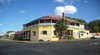 Leichhardt Hotel Mount Morgan
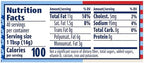 Hellmann's Real Mayonnaise Real Mayo Squeeze Bottle For a Rich Creamy Condiment Gluten Free, Made With Cage-Free Eggs 20 oz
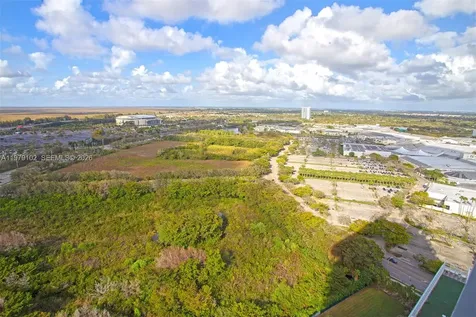 2000 Metropica Way Sunrise FL 33323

## TASK DIRECTIONS
When you repeat the data, keep it exact and drop every picture.

## RESULT
 Leichhardt Hotel Mount Morgan
 Hellmann's Real Mayonnaise Real Mayo Squeeze Bottle For a Rich Creamy Condiment Gluten Free, Made With Cage-Free Eggs 20 oz
 2000 Metropica Way Sunrise FL 33323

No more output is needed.